Documentation > User Guide > Getting Started > Tutorial: VOC Database

Tutorial: VOC Database

Following the installation, it is time to get acquainted with the MonetDB suite and its capabilities.

In this tutorial, you will learn how to use the MonetDB suite to analyse datasets catalogued in Dutch-Asiatic Shipping in the 17th and 18th Centuries by J.R. Bruijn, F.S. Gaastra and I. Schöffer. Over 8000 records have been provided, detailing the voyages of the Dutch East India Company (abbreviated to VOC according to the company's official name in Dutch) to Asia and the Cape of Good Hope. The data contains information such as the names of the ships, types of vessels used, names of the captains, arrival and departure dates at harbors, personnel accounts, and whether a ship has survived the journey or met an untimely fate.

The dataset can be loaded into MonetDB with the voc_dump.sql file provided in three different compressed formats listed below. Given that each listed item contains the same file with the same SQL statements, it is only necessary to download one of the compressed files:

After extracting the voc_dump.sql file, its contents can be loaded into MonetDB via the mclient command-line interface. But before this becomes possible, there are some preliminary operating system-dependent steps that need to be completed.

Linux and macOS
Users who have installed MonetDB on Unix-like operating systems (i.e. Linux and macOS) will first have to start the MonetDB daemon monetdbd. It will run in the background and facilitate, among other functionalities, the management of local/remote servers. The daemon is controlled by the application monetdb.
If during installation on a Linux system you have enabled systemd to manage the MonetDB suite, a database farm named dbfarm will have been created automatically. In this case, all your databases will be stored in /var/monetdb5/dbfarm
Certain Linux distributions, as well as macOS, do not allow this option. In this case, you will have to create your own database farm.
Given the option, if you have not enabled systemd to manage the MonetDB suite but wish to do so, then execute the following commands in the shell:
sudo systemctl enable monetdbd
sudo systemctl start monetdbd
OR
If you want/need to create a database farm of your own, you may execute the following commands instead (make sure to choose a suitable name and directory for your database farm):
monetdbd create /path/to/mydbfarm
monetdbd start /path/to/mydbfarm

Windows
Although the MonetDB daemon monetdbd is only available for Unix-like operating systems (such as Linux and macOS), it is still possible to use the MonetDB suite on Windows. The database demo is created by default.
The first step is to initialize a MonetDB server by simply opening Start -> Programs -> MonetDB -> Start server
Now it is possible to start the textual interface mclient by opening Start -> Programs -> MonetDB -> SQL client
The same commands apply as on other platforms. To stop the server, you can simply close the MonetDB SQL Server window. Note that by default the server only accepts connections originating from the local host. If you need other machines to access your database, change the configuration file by setting mapi_open=yes
If you want/need to change the location where your databases are stored, then it is necessary to edit the mclient.bat and M5server.bat files in C:\Program Files\MonetDB\MonetDB5. In the M5server.bat file, change the setting of the MONETDBFARM variable. In mclient.bat, add -d to the mclient.exe call command. The modified files will be overwritten after an update.

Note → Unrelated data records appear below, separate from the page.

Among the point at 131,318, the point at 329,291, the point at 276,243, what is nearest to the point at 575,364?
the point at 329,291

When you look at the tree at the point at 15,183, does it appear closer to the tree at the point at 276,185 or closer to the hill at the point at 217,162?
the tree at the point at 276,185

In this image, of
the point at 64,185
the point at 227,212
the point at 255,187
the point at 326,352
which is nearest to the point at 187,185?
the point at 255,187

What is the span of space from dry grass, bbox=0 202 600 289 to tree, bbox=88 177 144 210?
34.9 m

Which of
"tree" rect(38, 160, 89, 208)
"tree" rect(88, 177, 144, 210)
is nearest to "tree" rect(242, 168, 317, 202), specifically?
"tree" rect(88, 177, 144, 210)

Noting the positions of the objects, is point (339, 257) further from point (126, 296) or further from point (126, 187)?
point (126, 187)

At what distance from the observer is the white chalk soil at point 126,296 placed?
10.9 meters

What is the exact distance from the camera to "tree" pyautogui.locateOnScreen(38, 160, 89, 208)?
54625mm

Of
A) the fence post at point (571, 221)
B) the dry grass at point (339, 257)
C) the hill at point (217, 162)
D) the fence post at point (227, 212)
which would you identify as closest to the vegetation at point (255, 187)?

Keep in mind the distinction between monetdbd, which is the MonetDB daemon, and monetdb, which is the application that controls the daemon.

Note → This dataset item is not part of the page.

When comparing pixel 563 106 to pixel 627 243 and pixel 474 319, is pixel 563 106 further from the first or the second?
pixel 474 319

Since the SQL interface is the same on all operating systems, all users may proceed with the remainder of this tutorial once a MonetDB database server is running on their system.

Creating a new database

To create a new database, execute the following commands in the shell:

monetdb create voc
monetdb release voc

The create command initializes a new database in the MonetDB database server and the release command brings a database out of maintenance mode for regular use by a client.

To check the state of the database, execute monetdb status voc in the shell. This should produce an output similar to the following:

name  state   health               remarks
voc   S                 mapi:monetdb://fedora:50000/voc

We see that the new database has successfully been created and released from maintenance mode. State "S", which stands for 'Stopped', implies that the database is inactive but ready for use.

Executing monetdb status in the shell will show the state of each known database in the MonetDB database server operating on your system.

Starting mclient

Now it is possible to interact with the newly created database by executing the following command:

mclient -u monetdb -d voc

The above command calls the mclient command-line tool with the -u option, which specifies the user to connect as (in this case the default 'monetdb'), and -d option, which specifies the database to connect to. You will be prompted to enter a password, which for the default user 'monetdb' is monetdb.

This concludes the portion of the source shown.